「清貧の思想」こそ必要

中京大学  大学院教授

   経済学博士  水谷研治

「清貧の思想」は時代にそぐわないと思われるかもしれない。

もしも国民が節約に努めて買わなくなれば、ものが売れなくなるからである。その結果として不況になり、それが国民の生活に跳ね返る。国民の生活はますます苦しくなってしまう。

  これほど、ものが余っている社会では、ものが買われなければ作り続けることができない。すなわち経済活動が成り立たない。

  景気を良くするために無駄遣いが奨励された。ところが人々がどれほど身銭を切って無駄遣いをしても、その分がまた作り出される。そのために相変わらず景気が良くならない。

景気をより良くしようとすれば、もっと大量に使わなくてはならない。それを長年にわたり政府の犠牲で実行してきた。

そのために利用してきたのが赤字財政である。その内容としては、公共投資などの支出の増額と大幅な減税である。

その結果、大きな財政赤字が続き、国の借金が膨大な金額になってしまった。国家の財政状況は夕張市の事態よりもはるかに悪くなっている。

国家財政の改革は避けられない。従来とは反対に財政支出の大幅な削減と大増税が必要である。

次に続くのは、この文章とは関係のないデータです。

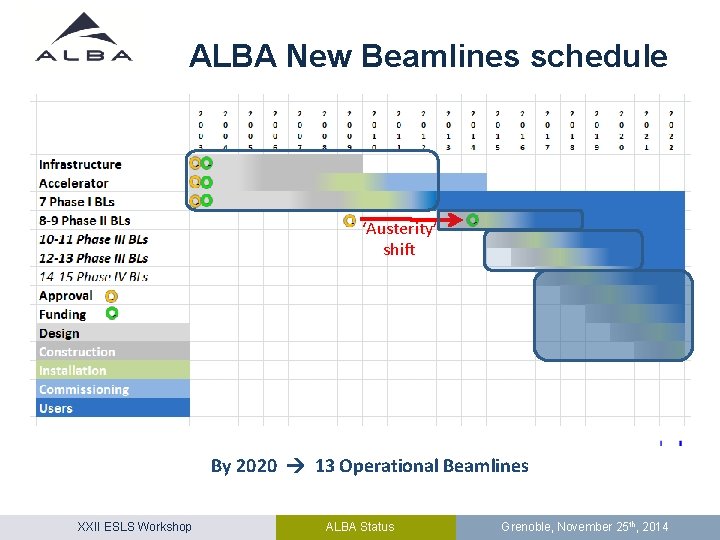 ALBA New Beamlines schedule ‘Austerity’ shift By 2020 13 Operational Beamlines XXII ESLS Workshop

その結果として景気は大きく落ち込むであろう。その準備が国民になければ、本格的な財政再建が実行できない。そうなれば国民は膨大な国の借金を抱え、莫大な金利の支払いを続けなければならず、借金地獄の苦しみから永遠に逃げ出すことができなくなる。

将来の日本、将来の国民のことを考え、財政を根本から建て直し、国の借金を削減することが必要である。

そのためには自分の生活は自分で守らなければならない。それには我々が生活水準を大きく落とす以外にない。かりそめにも国家の救済に依存しようとしてはならない。

従来どおりではやっていけない。我々は考え方や生き方を根本から変えることが必要である。

国家財政の再建という大きな目標に向かって、国民の一人ひとりが大きな犠牲を払う覚悟が要請されているのである。